▶ _TASK PROMPT_: Copy word for word the lines in the records below, starting at the line with "Affordable yard cleanup" and ending at the line with "Сотилади кушлар 5 та мода". Skip the pictures.

--- MATERIAL PROVIDED ---

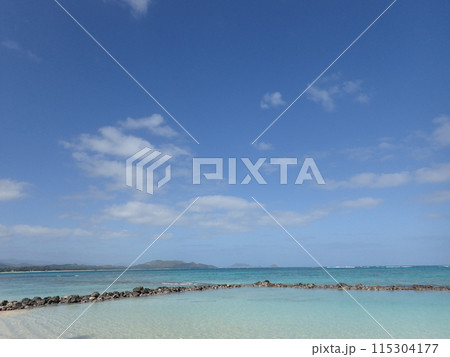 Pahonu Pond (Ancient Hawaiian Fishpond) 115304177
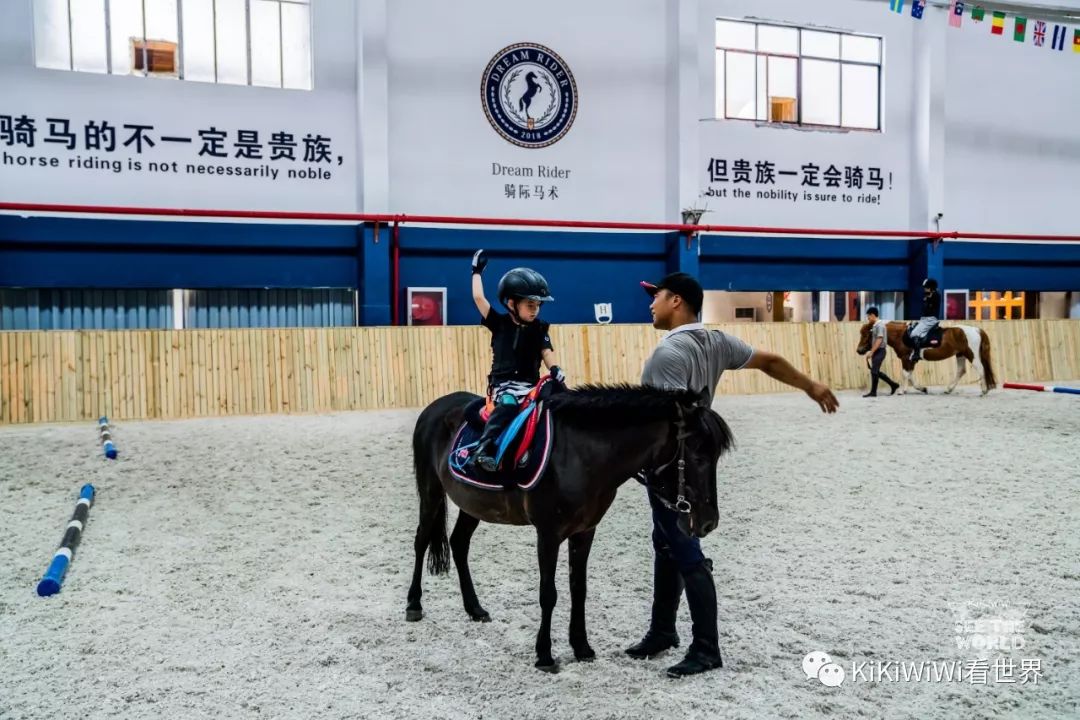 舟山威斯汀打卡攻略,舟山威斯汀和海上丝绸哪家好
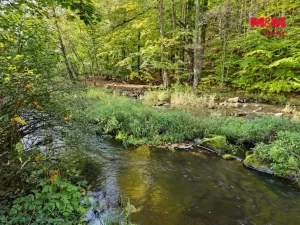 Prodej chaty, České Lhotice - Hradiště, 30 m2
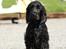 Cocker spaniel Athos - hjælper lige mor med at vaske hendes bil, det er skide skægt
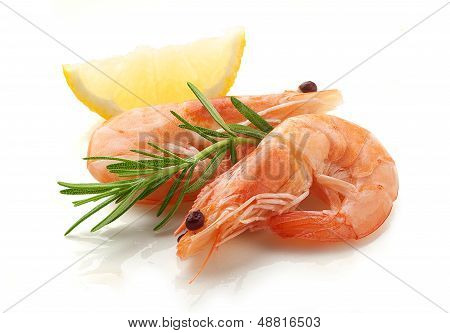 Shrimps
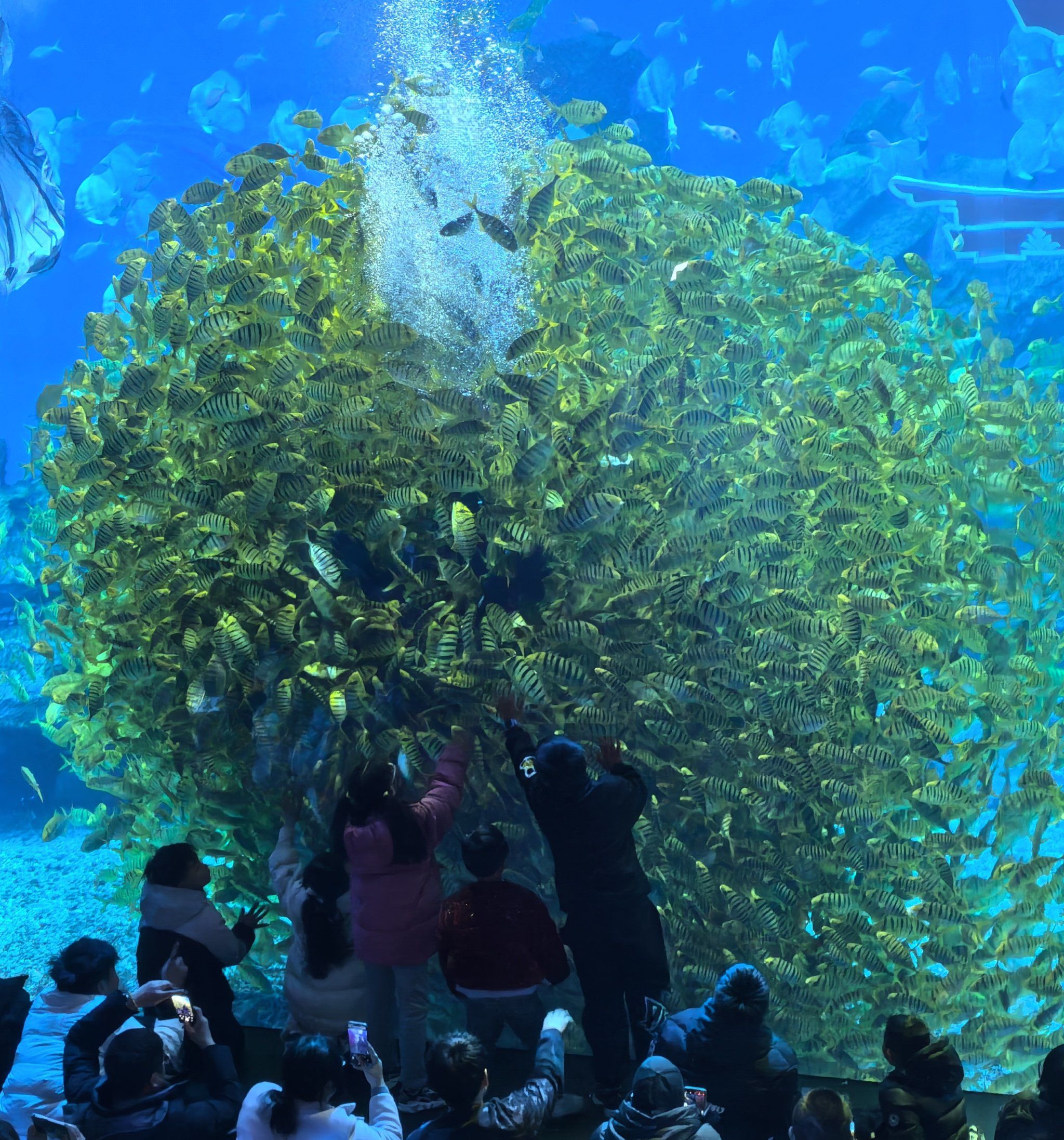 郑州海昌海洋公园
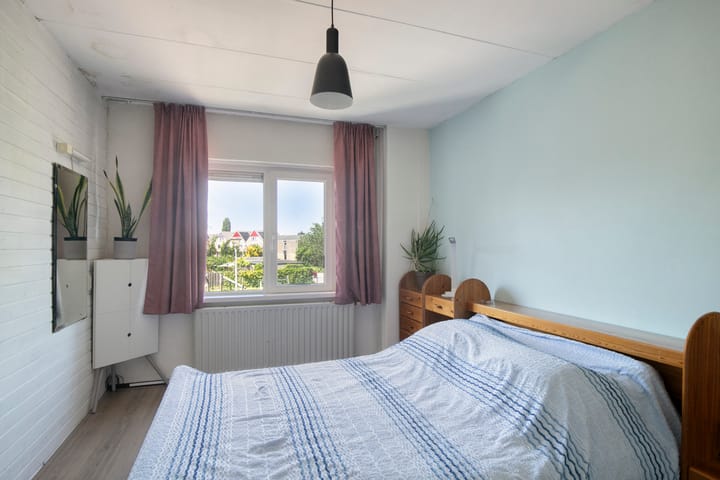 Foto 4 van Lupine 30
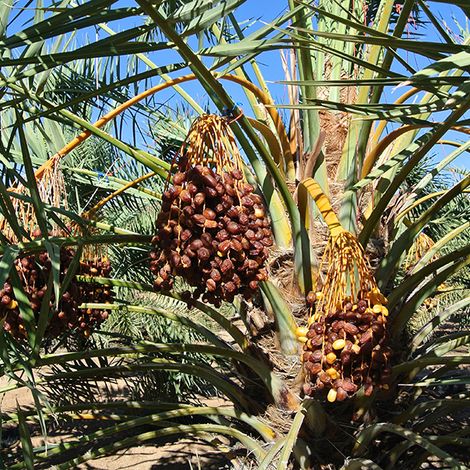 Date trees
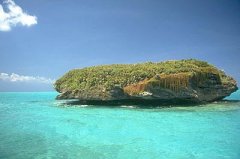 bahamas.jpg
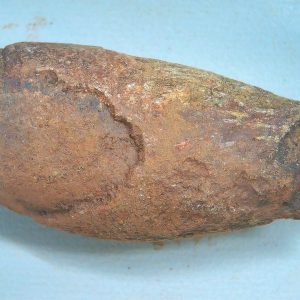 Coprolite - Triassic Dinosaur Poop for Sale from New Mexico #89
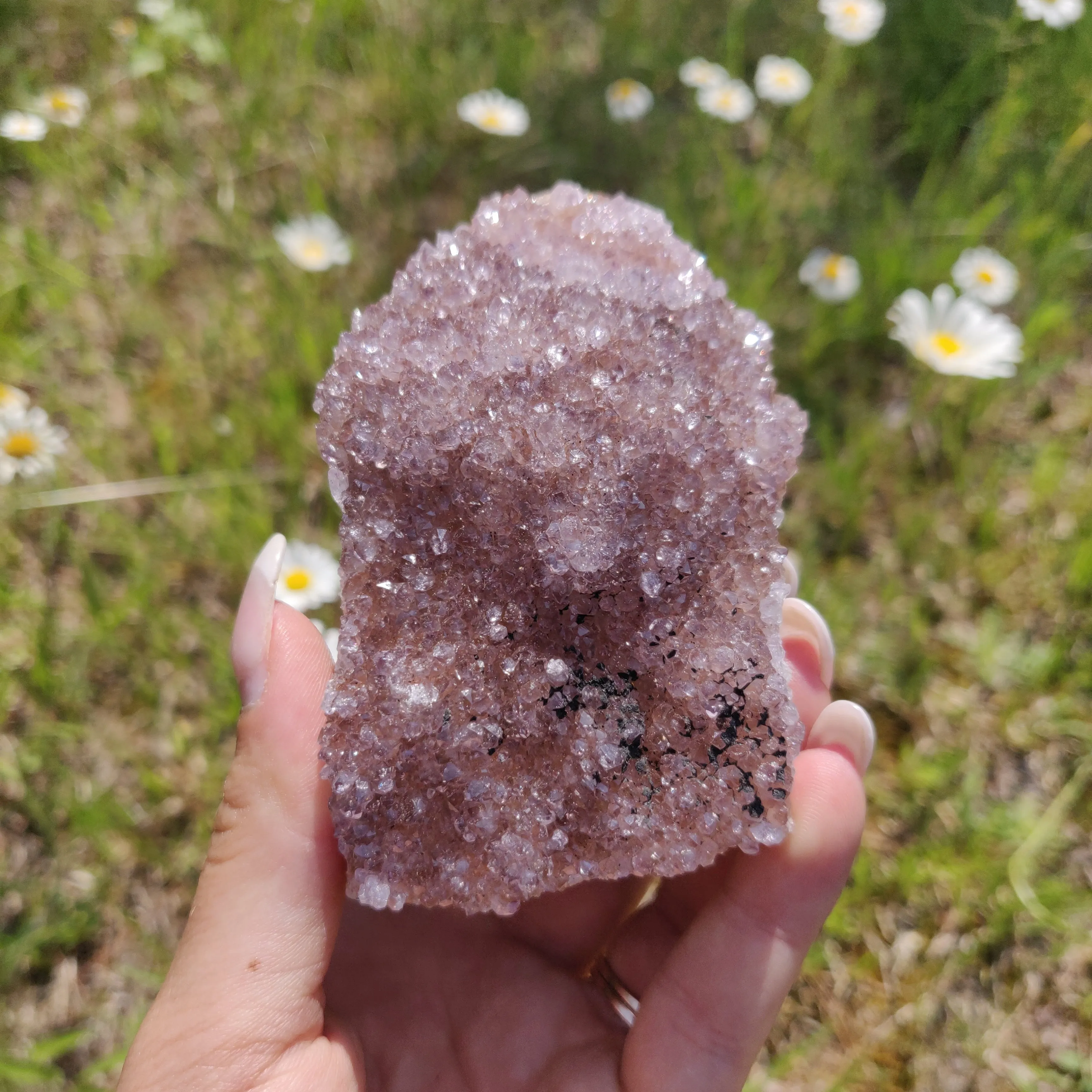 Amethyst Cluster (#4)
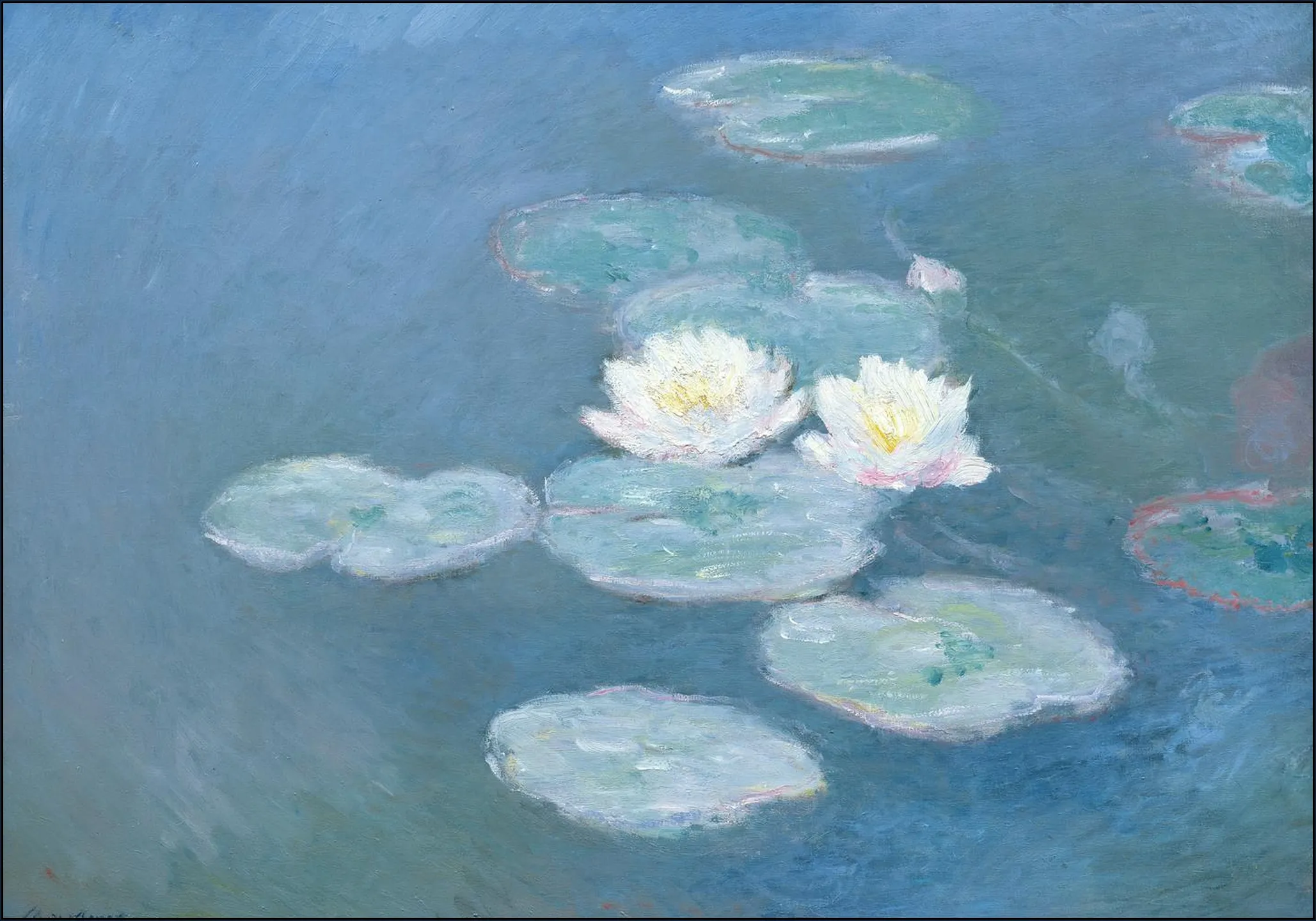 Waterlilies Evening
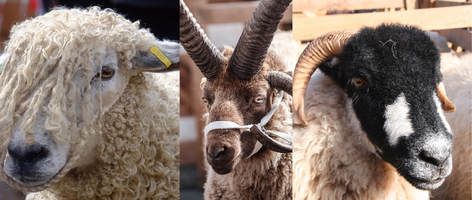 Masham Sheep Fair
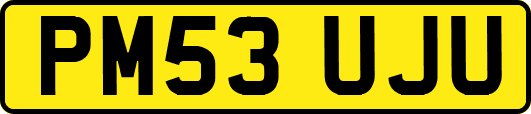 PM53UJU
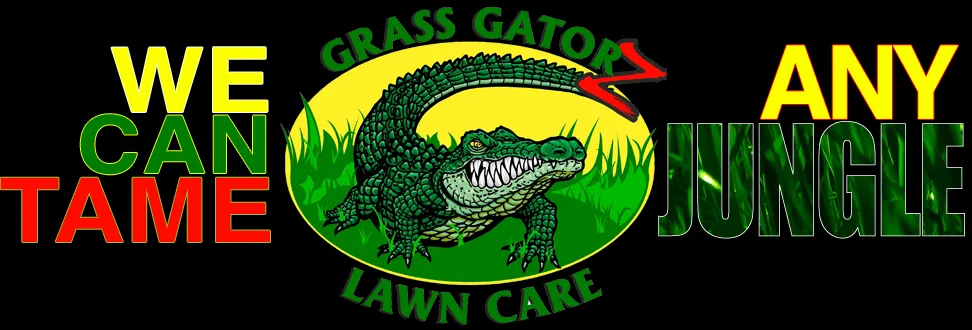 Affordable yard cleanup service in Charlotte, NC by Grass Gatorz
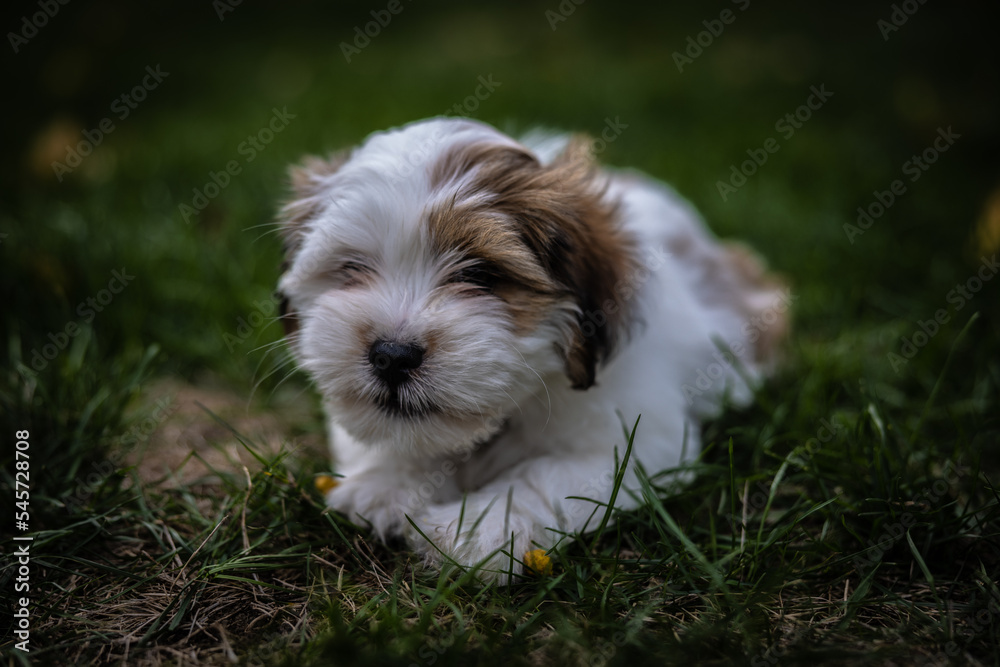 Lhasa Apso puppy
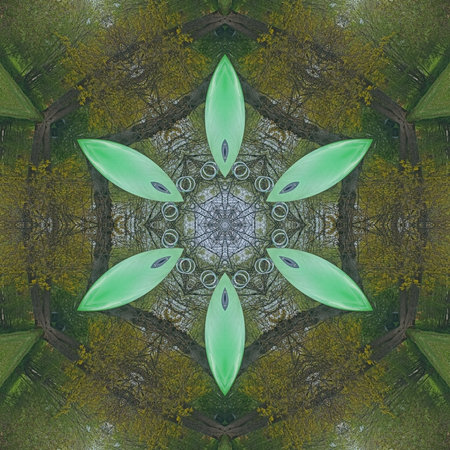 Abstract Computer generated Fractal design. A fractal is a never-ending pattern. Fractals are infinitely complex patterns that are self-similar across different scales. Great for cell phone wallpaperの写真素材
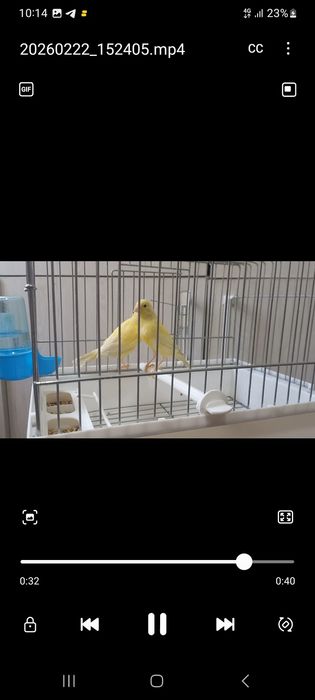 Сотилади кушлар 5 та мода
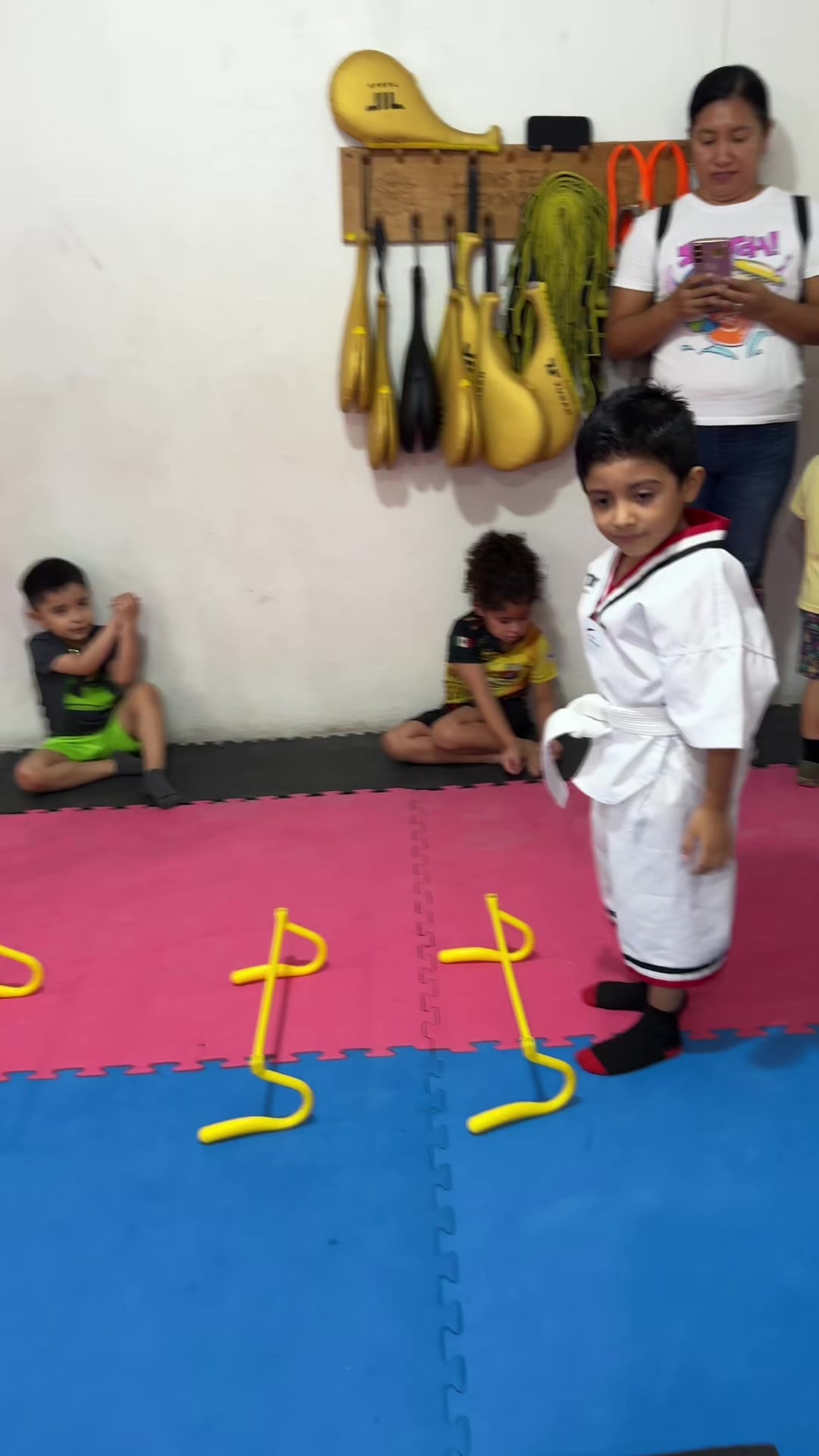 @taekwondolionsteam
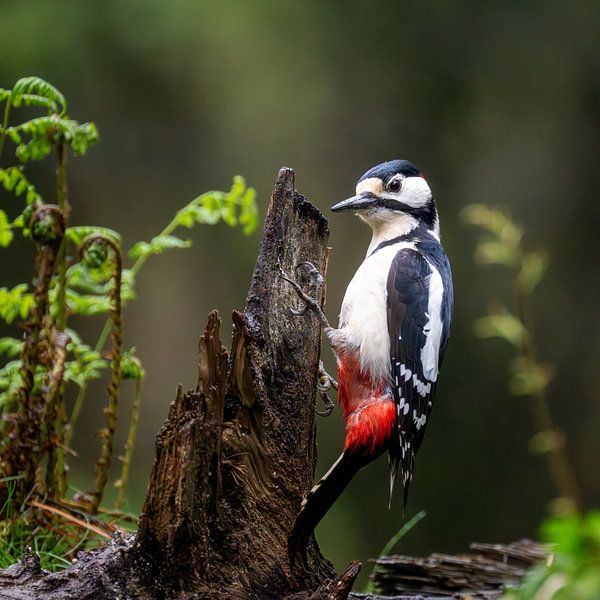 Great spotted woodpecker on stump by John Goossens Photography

---

▶ _ANSWER TO THIS PROBLEM_:
 Affordable yard cleanup service in Charlotte, NC by Grass Gatorz
 Lhasa Apso puppy
 Abstract Computer generated Fractal design. A fractal is a never-ending pattern. Fractals are infinitely complex patterns that are self-similar across different scales. Great for cell phone wallpaperの写真素材
 Сотилади кушлар 5 та мода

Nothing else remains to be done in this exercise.